### RECORDS FOR THE TASK
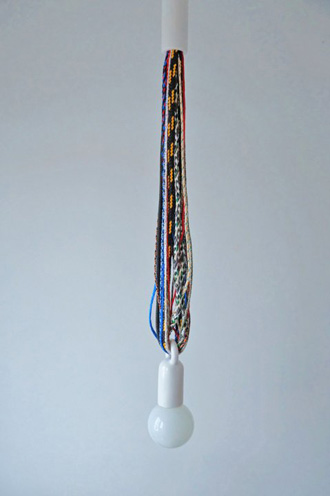 Peer aan gekleurde kabels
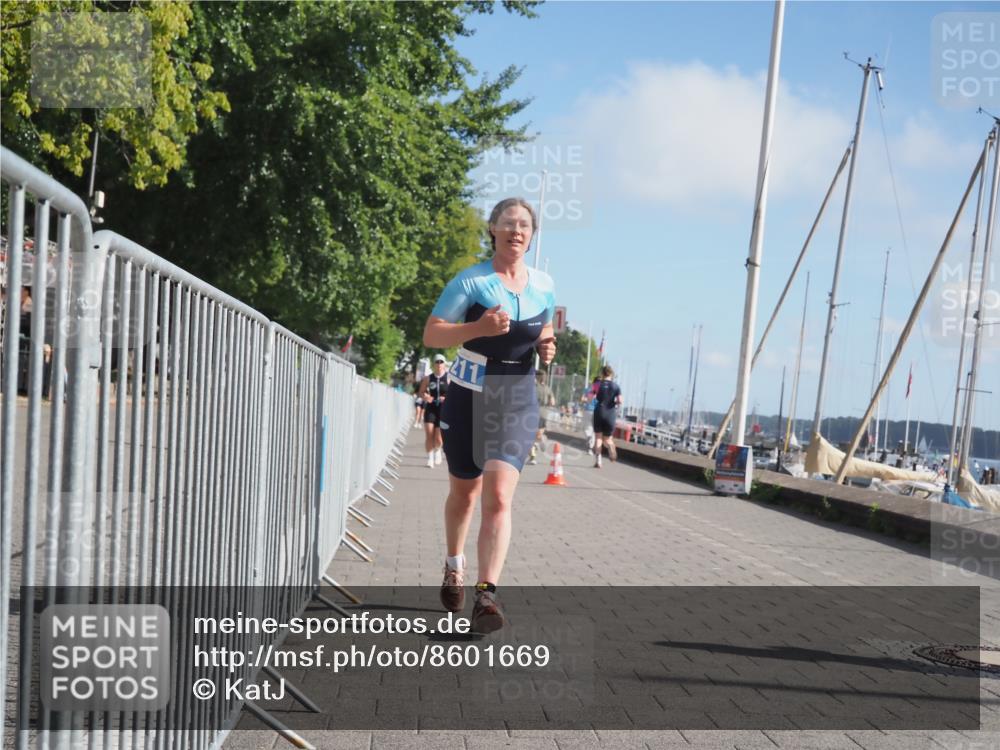17.08.2025 - KN Förde Triathlon 2025 KatJ http://msf.ph/oto/8601669 17.08.2025 10:27:00 Laufen 159, 180, 211 meine-sportfotos.de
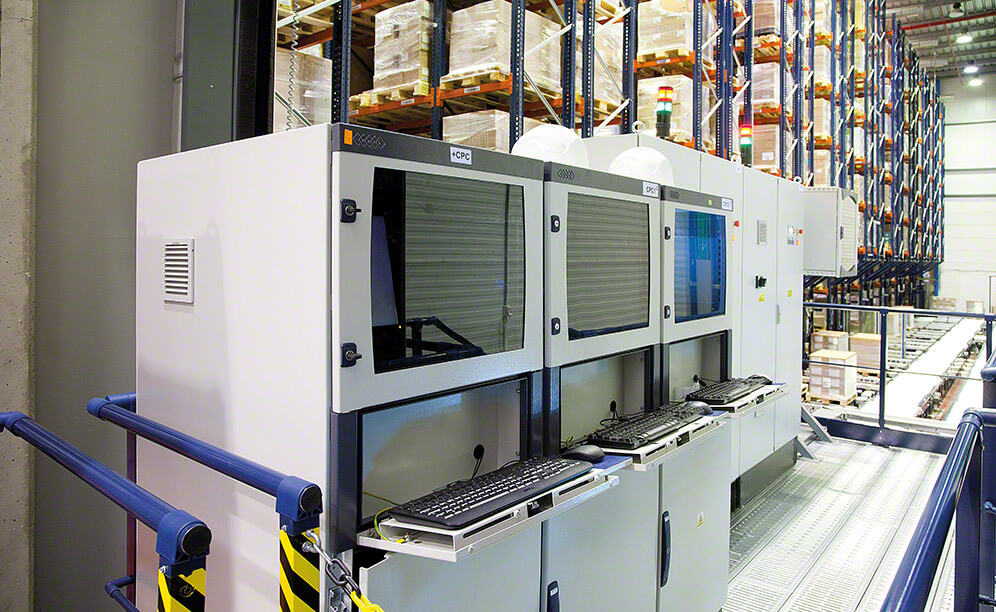 L'interfaccia di comunicazione tra il sistema di gestione del magazzino di Disalfarm e il programma di controllo standard di Mecalux consente di gestire tutti i processi e i cicli operativi del magazzino
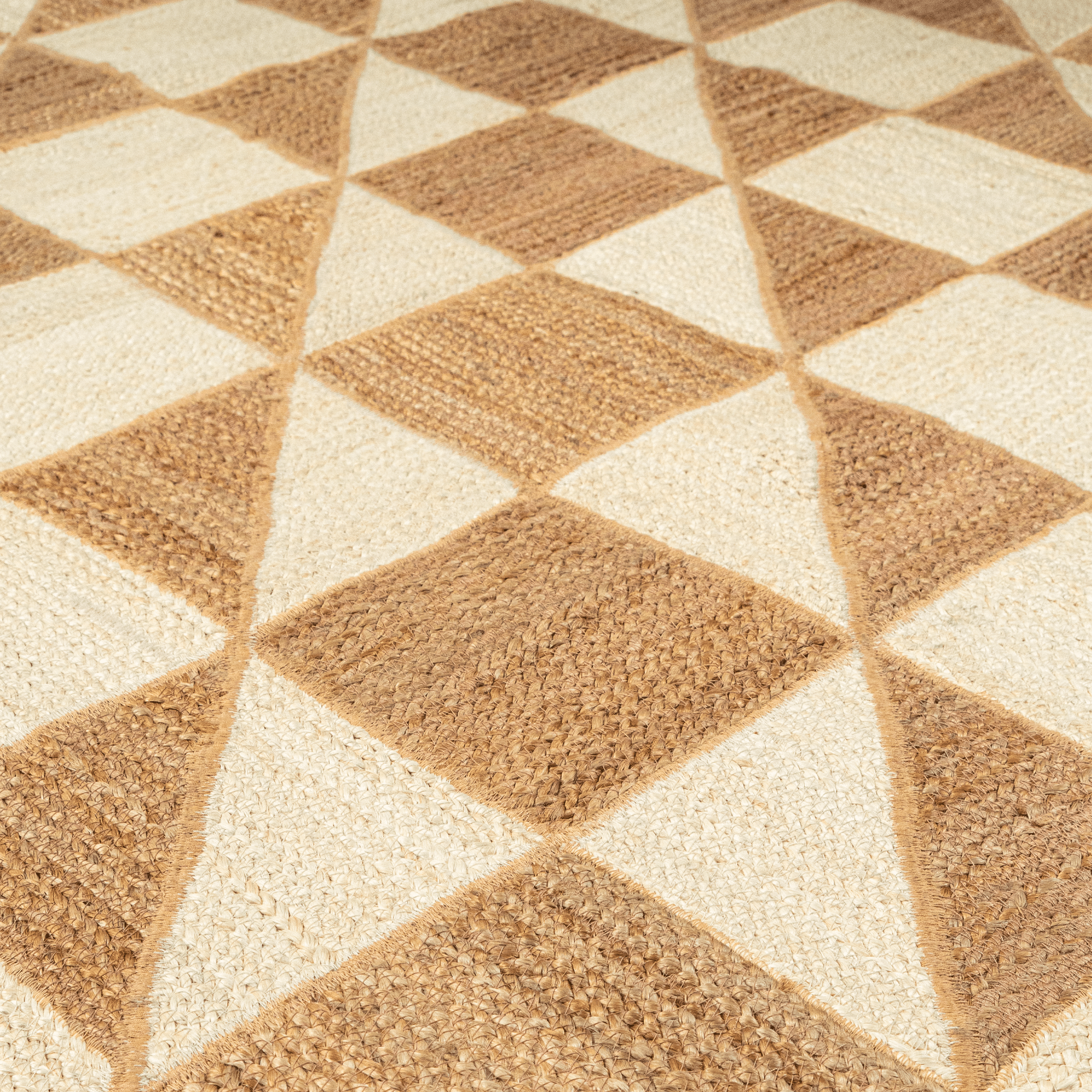 Two-Tone Geometric Jute Carpet (2)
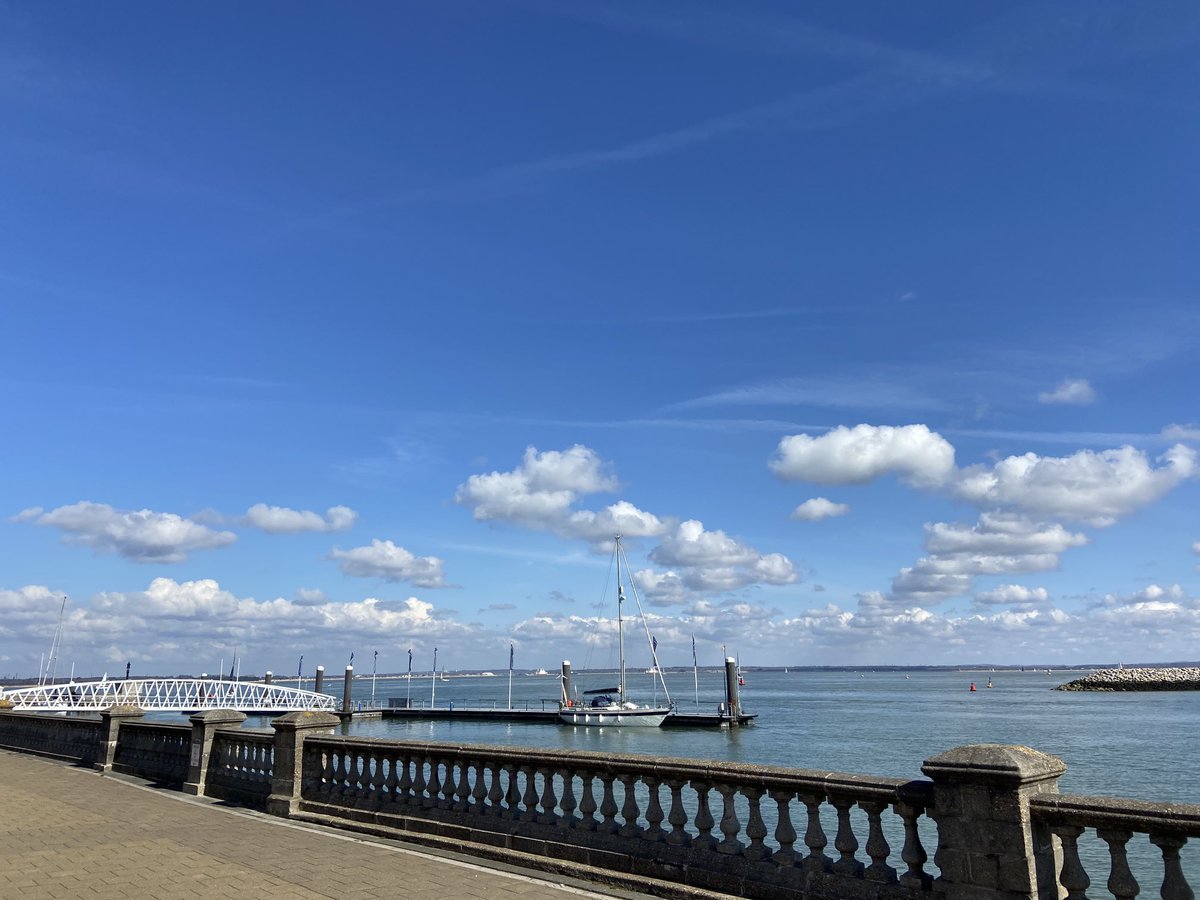 saracscurran's tweet photo. #CowesLife https://t.co/X9XKuPPZK6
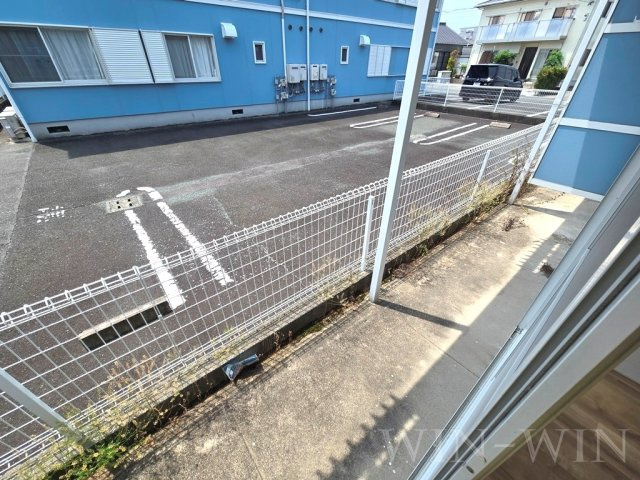 フレグランス三ツ相 C棟のバルコニー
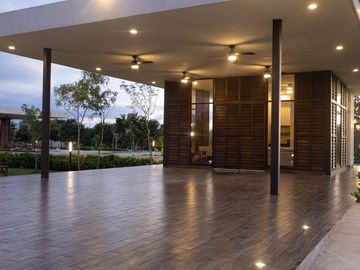 Casa en Venta en residencial Plenum en Cholul en Mérida Yucatán.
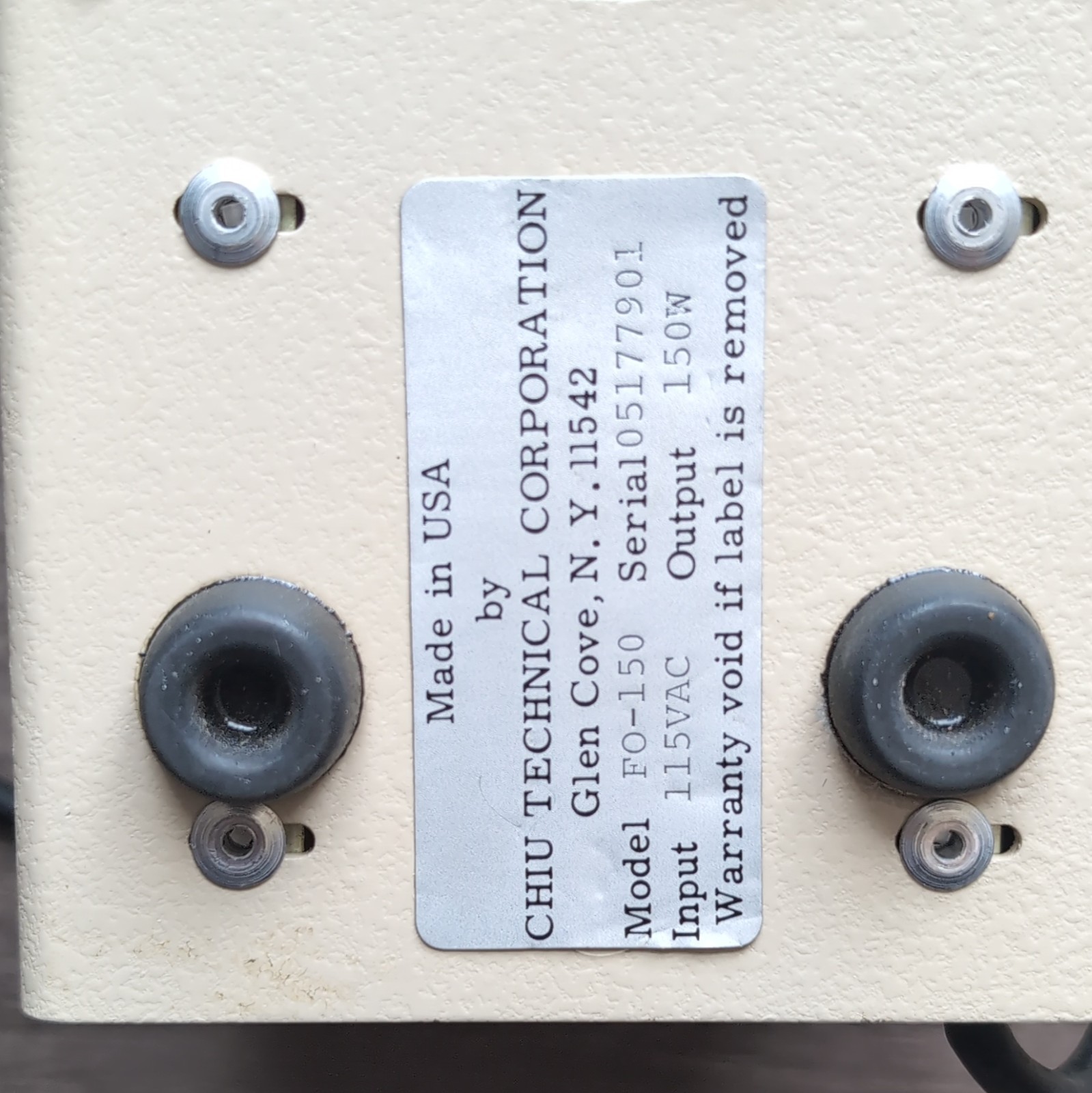 CHIU Technical Corporation Lumina-I Fiber Optic Light Source FO-150 150W 115VAC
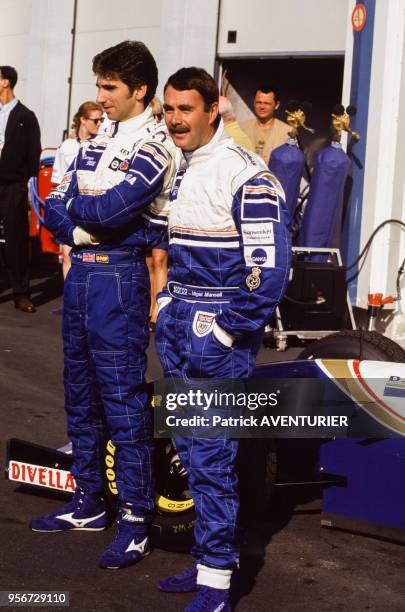 Les pilotes automobiles Damon Hill et Nigel Mansell le 3 juillet 1994 à Magny-Cours, France.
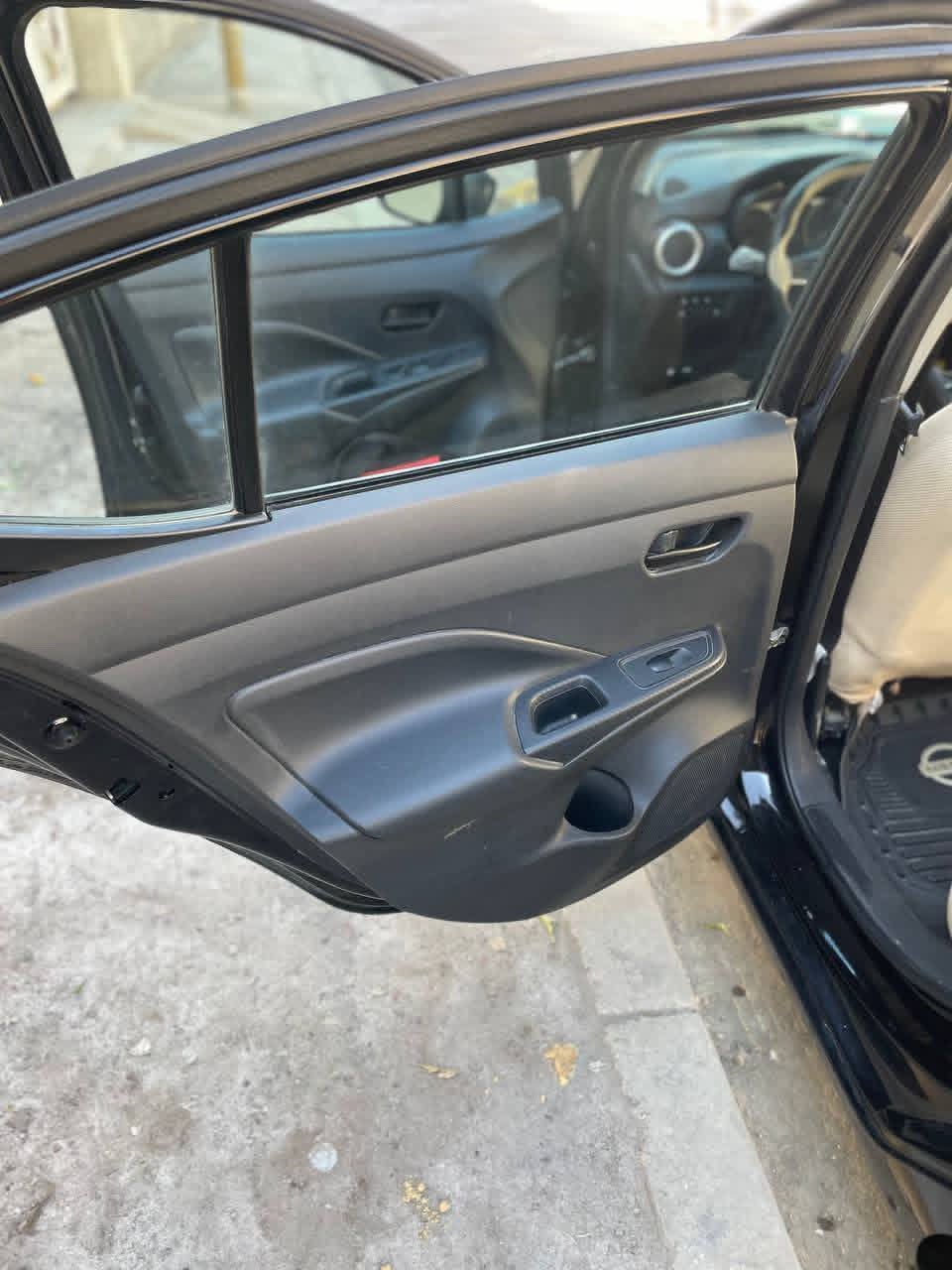 السلام عليكم نيسان فيرسا مديل 2021 معوقين تحكم استيران جهتين كامرة وقوف ذاتي امامي شاشه حادثه الجمالغ الخلفي حادث امريكا بيه دعاميه اماميه بل عراق بدون يرباك مكينه 1600 تحديد مسار  السيارة حلوة ونظيفه عارضه ب 100ورقه وبيه مجال حك الجيه *********** مكان السيارة بغداد البياع حي المواصلات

### ACTION ITEM
The task calls for repeating each line above exactly while excluding the pictures.

### THE ANSWER
 Peer aan gekleurde kabels
17.08.2025 - KN Förde Triathlon 2025 KatJ http://msf.ph/oto/8601669 17.08.2025 10:27:00 Laufen 159, 180, 211 meine-sportfotos.de
 L'interfaccia di comunicazione tra il sistema di gestione del magazzino di Disalfarm e il programma di controllo standard di Mecalux consente di gestire tutti i processi e i cicli operativi del magazzino
 Two-Tone Geometric Jute Carpet (2)
 saracscurran's tweet photo. #CowesLife https://t.co/X9XKuPPZK6
 フレグランス三ツ相 C棟のバルコニー
 Casa en Venta en residencial Plenum en Cholul en Mérida Yucatán.
 CHIU Technical Corporation Lumina-I Fiber Optic Light Source FO-150 150W 115VAC
 Les pilotes automobiles Damon Hill et Nigel Mansell le 3 juillet 1994 à Magny-Cours, France.
 السلام عليكم نيسان فيرسا مديل 2021 معوقين تحكم استيران جهتين كامرة وقوف ذاتي امامي شاشه حادثه الجمالغ الخلفي حادث امريكا بيه دعاميه اماميه بل عراق بدون يرباك مكينه 1600 تحديد مسار  السيارة حلوة ونظيفه عارضه ب 100ورقه وبيه مجال حك الجيه *********** مكان السيارة بغداد البياع حي المواصلات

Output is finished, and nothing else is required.